[Records provided Boundary: Start]
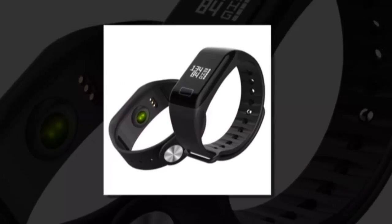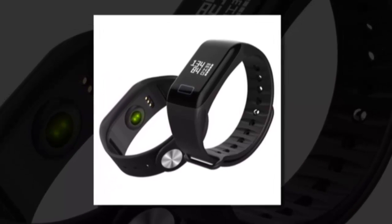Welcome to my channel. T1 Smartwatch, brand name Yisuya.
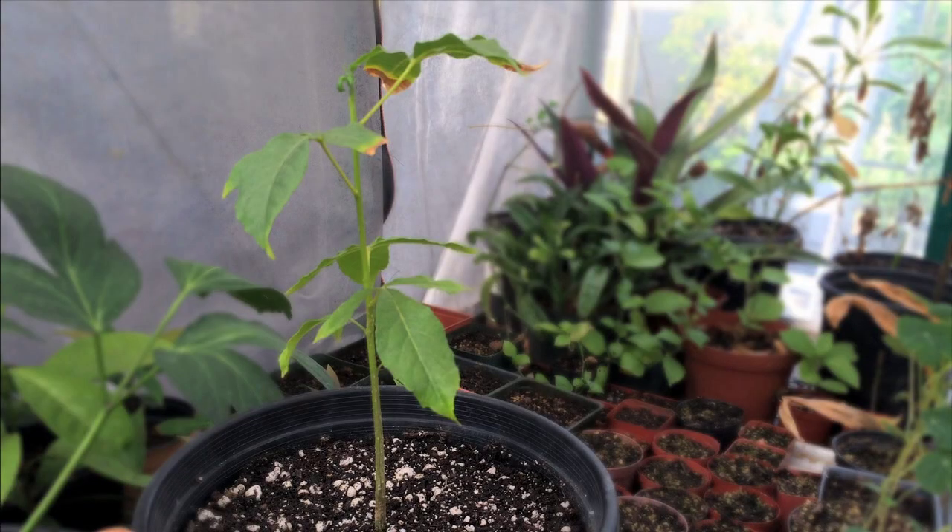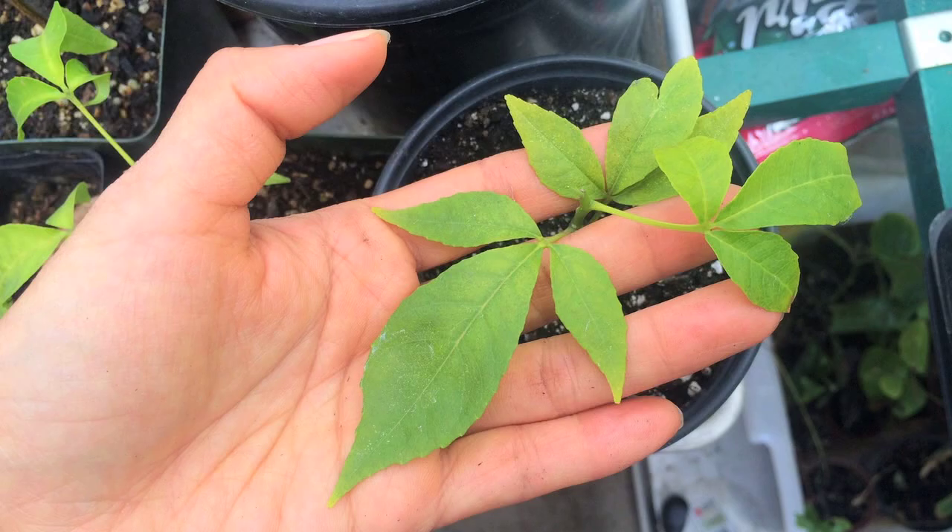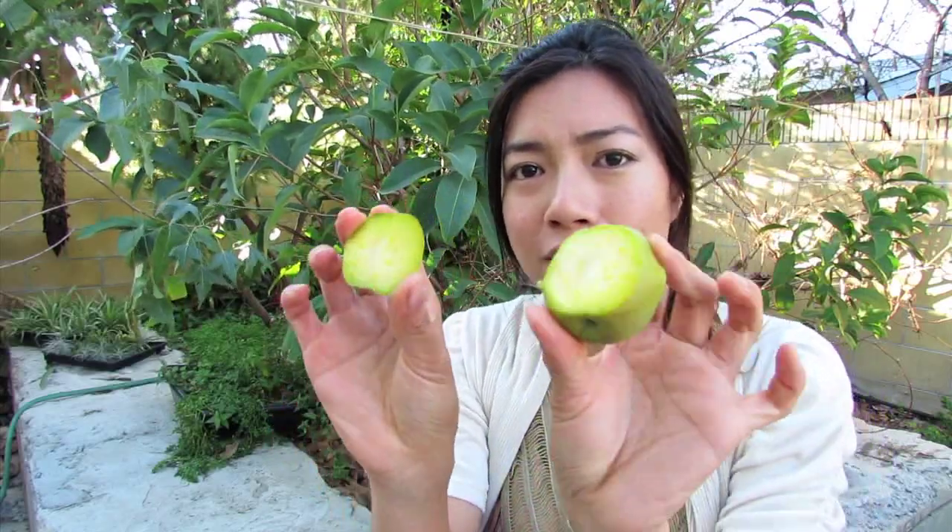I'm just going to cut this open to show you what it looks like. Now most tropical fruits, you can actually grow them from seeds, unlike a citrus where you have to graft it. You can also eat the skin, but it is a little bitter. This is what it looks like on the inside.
[Records provided Boundary: End]
[Records provided Boundary: Start]
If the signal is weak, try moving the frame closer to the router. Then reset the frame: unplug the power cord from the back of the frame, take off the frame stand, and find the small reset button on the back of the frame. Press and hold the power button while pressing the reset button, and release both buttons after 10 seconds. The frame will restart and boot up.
[Records provided Boundary: End]
Transcribe, word for word, the stretch of lines in the data above from the one with "Welcome to my" through the one with "I'm just going"; omit all pictures.

• **Result below**:
Welcome to my channel. T1 Smartwatch, brand name Yisuya.
I'm just going to cut this open to show you what it looks like. Now most tropical fruits, you can actually grow them from seeds, unlike a citrus where you have to graft it. You can also eat the skin, but it is a little bitter. This is what it looks like on the inside.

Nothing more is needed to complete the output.